__Instructions for the task__
Output the entries exactly. Start at the first line, finish with the line containing "I Heart Manitoba", and omit the pictures.

#### Supplied material

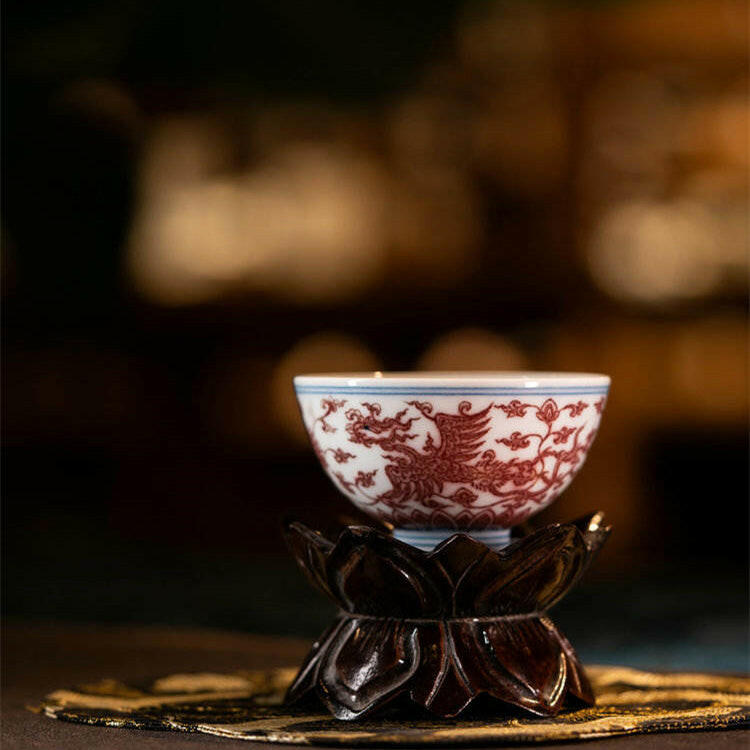 Hong Feng Huang - Porcelain Teacup zycschina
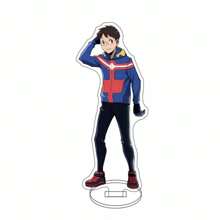 1pc Anime "The Justice Messenger - My Hero Academy: The Illegal Heroes"15cm, Display Stand Person Model,Suitable For Bags And Keys, Accessories Decor,Tabletop And Home Decor, Id Al-Adjha A Graduation Gift For Friends, Car Accessories Bag Charm School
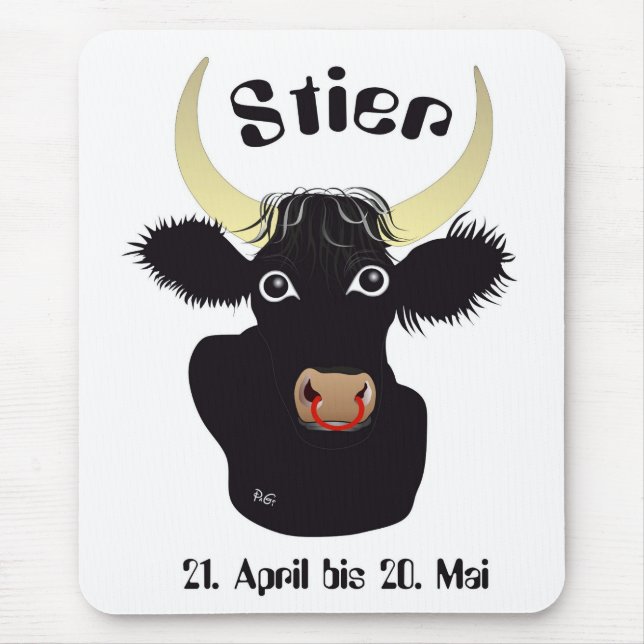 Alfombrilla De Ratón Stier 21. Abril bis 20. Mai Mauspad (Frente)
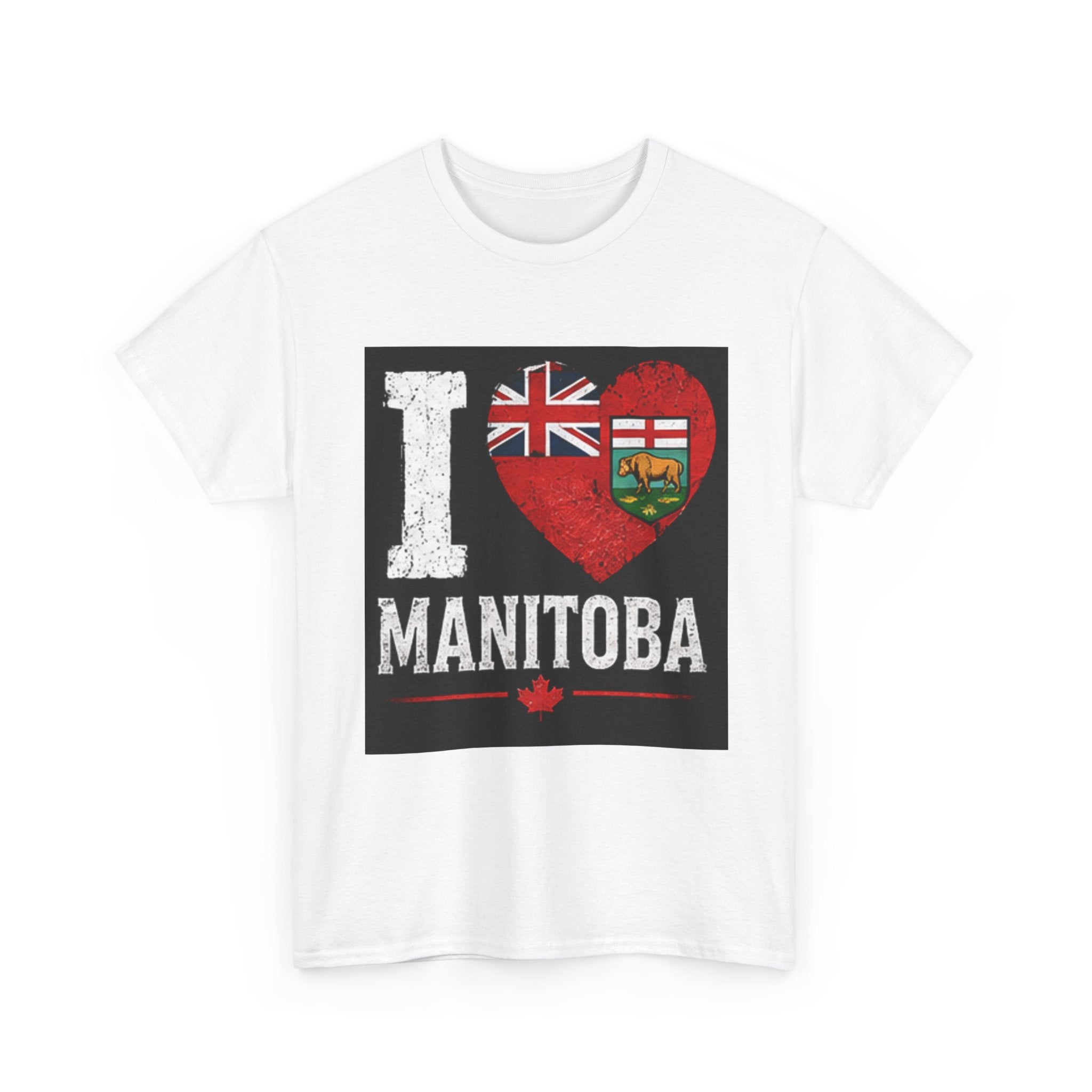 I Heart Manitoba T-Shirt — Canadian Manitoba Pride Tee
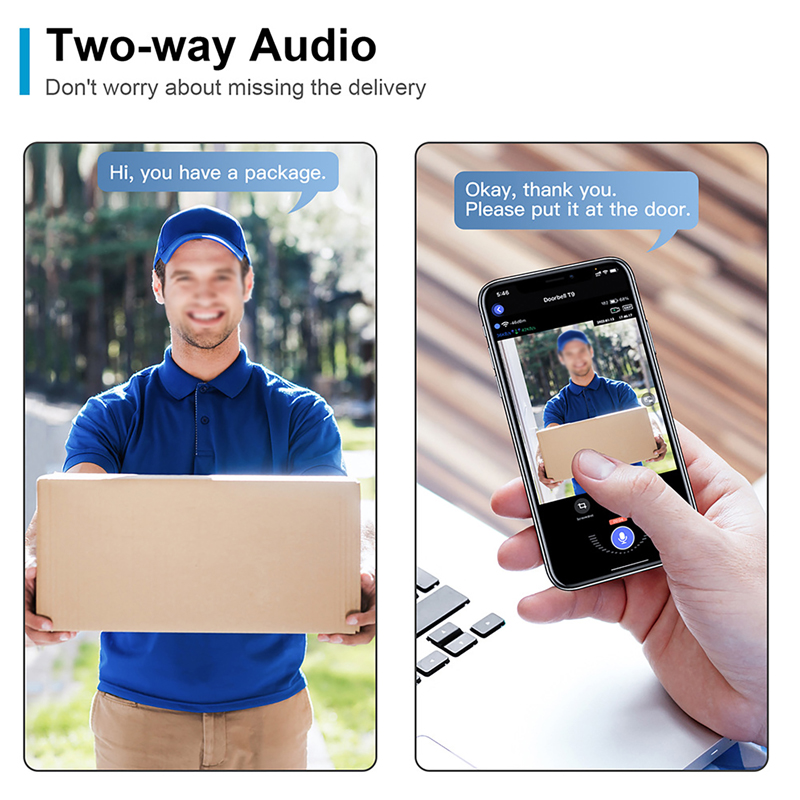Wi fi inteligente vídeo campai - Home Security Doorbell Camera avaliação e preço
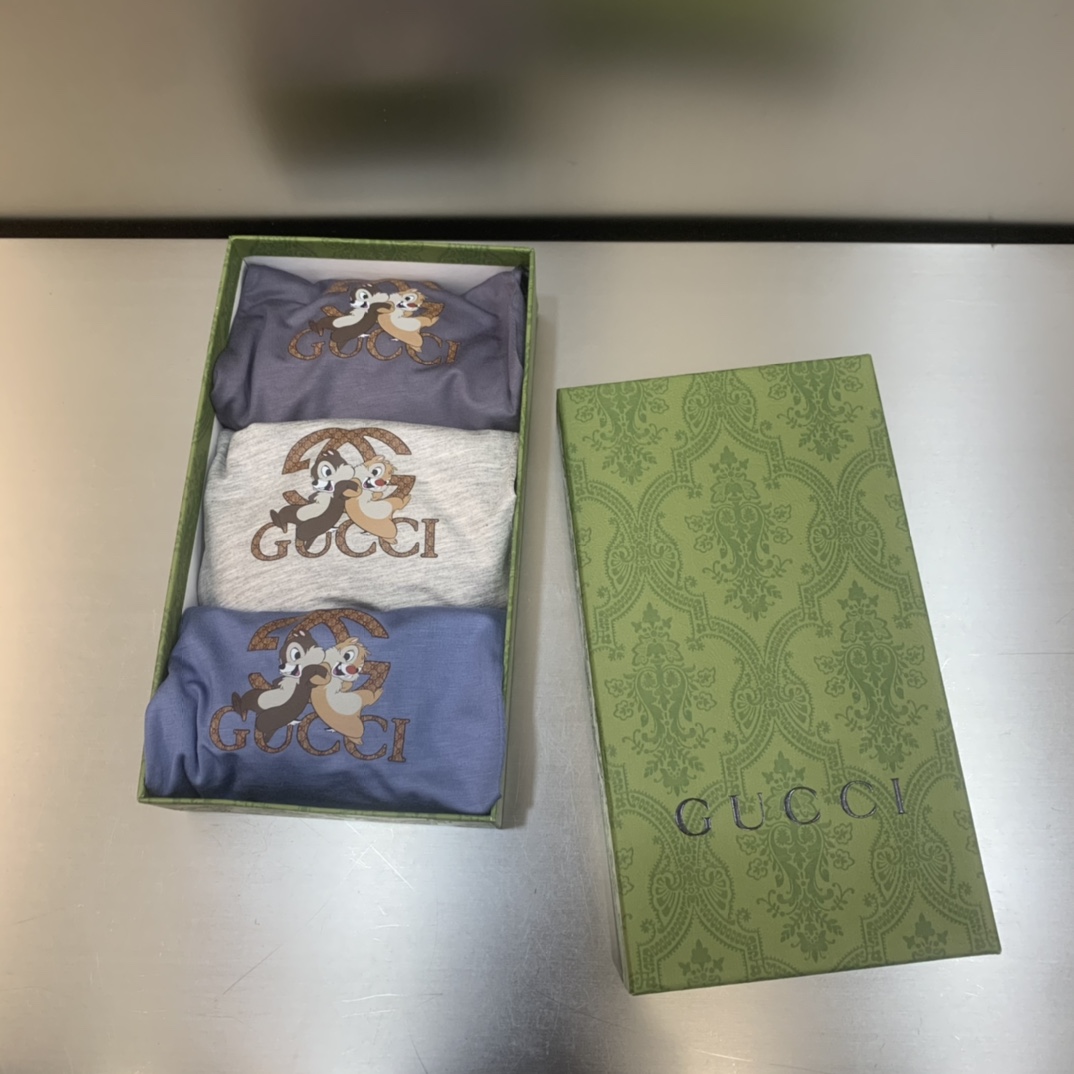 新品！原单品质！GUCCI古驰精品盒装男士内裤！外贸国外订单高品质莫代尔无痕切割工艺科学配93%莫代尔+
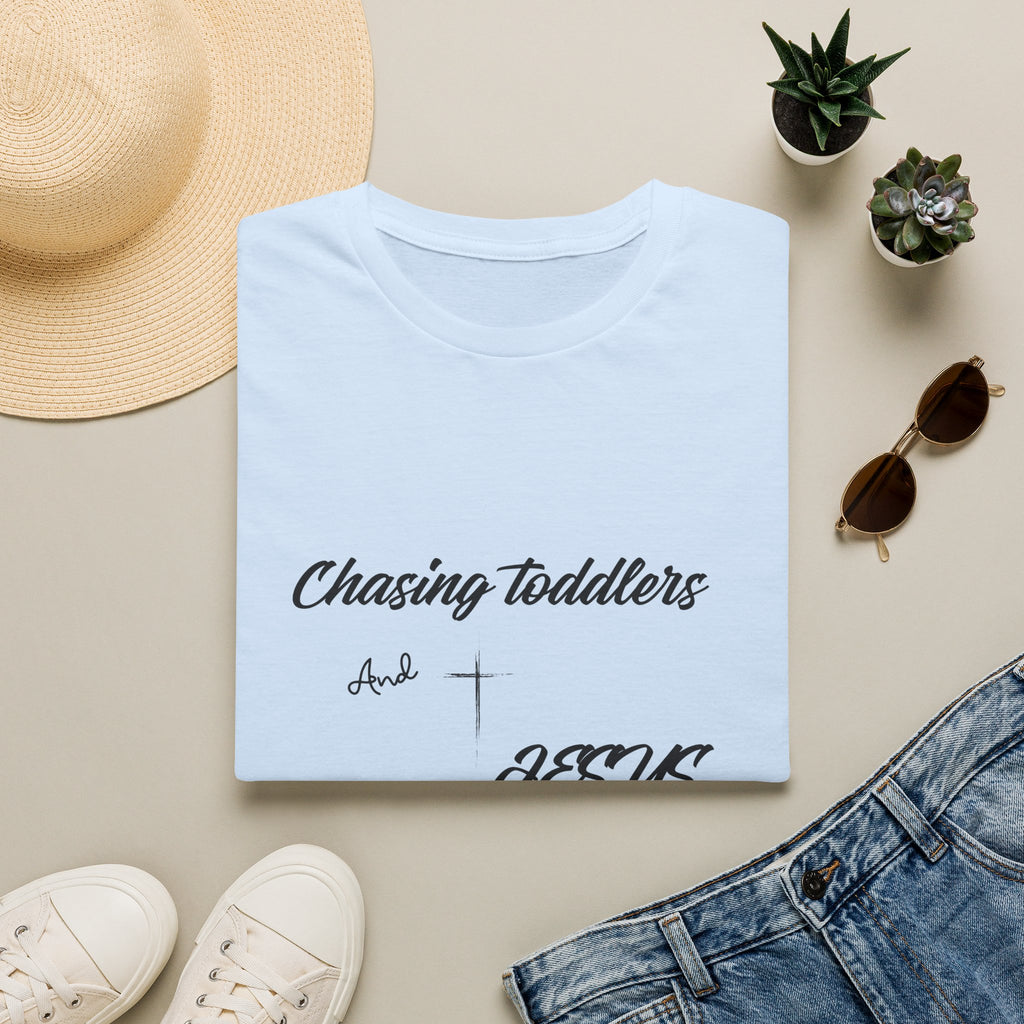 Chasing Toddlers And Jesus T-Shirt — Christian Mom Tee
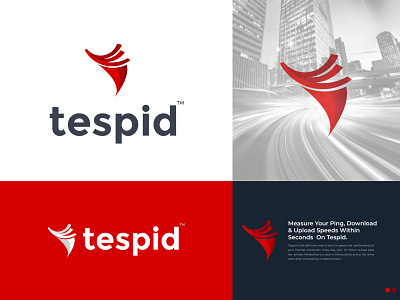 Tespid Logo Design accelerate branding connection creative design internet internet explorer logodesign logodesignersclub mobile app pace speed speedometer speedtest t letter tempo tests web web template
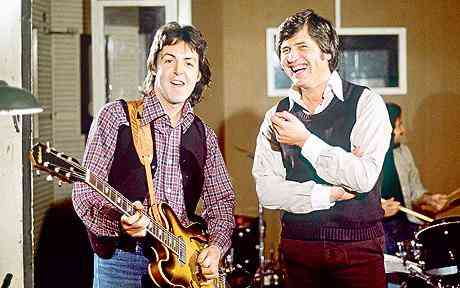 Paul McCartney and Melvyn Bragg, from the initial 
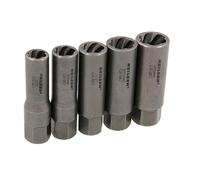 Neilsen CT5520 5pc Bolt Extractor Set - 3/8" Dr | Hex Drive | Chrome Molybdenum | Sizes 10-16mm, / 3/8-5/8in | Gripping Edges for Removing Old Stripped Rusted or Painted Nuts and Bolts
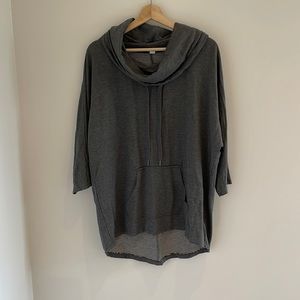 Dark grey cowl neck sweatshirt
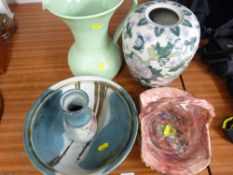 Arthur Wood 'Astoria' lustre basket and a quantity of pottery and china ware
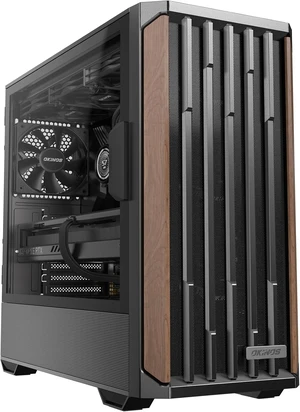 Cypress 7 Genuine Walnut Wood ATX PC Case 4 x 120mm PWM Fans Pre-Installed, 360mm Top Radiator Support, Type-C, Magnetic Tempered Glass Side Panel (Black) Cypress 7 Genuine Walnut Wood ATX PC Case 4 x 120mm PWM Fans Pre-Installed, 360mm Top Radiator Support, Type-C, Magnetic Tempered Glass Side Panel (Black)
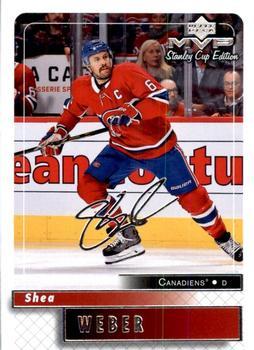 2019-20 Upper Deck MVP - Stanley Cup Edition 20th Anniversary Silver Script #77 Shea Weber Front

########

__Task answer__
 Hong Feng Huang - Porcelain Teacup zycschina
 1pc Anime "The Justice Messenger - My Hero Academy: The Illegal Heroes"15cm, Display Stand Person Model,Suitable For Bags And Keys, Accessories Decor,Tabletop And Home Decor, Id Al-Adjha A Graduation Gift For Friends, Car Accessories Bag Charm School
 Alfombrilla De Ratón Stier 21. Abril bis 20. Mai Mauspad (Frente)
 I Heart Manitoba T-Shirt — Canadian Manitoba Pride Tee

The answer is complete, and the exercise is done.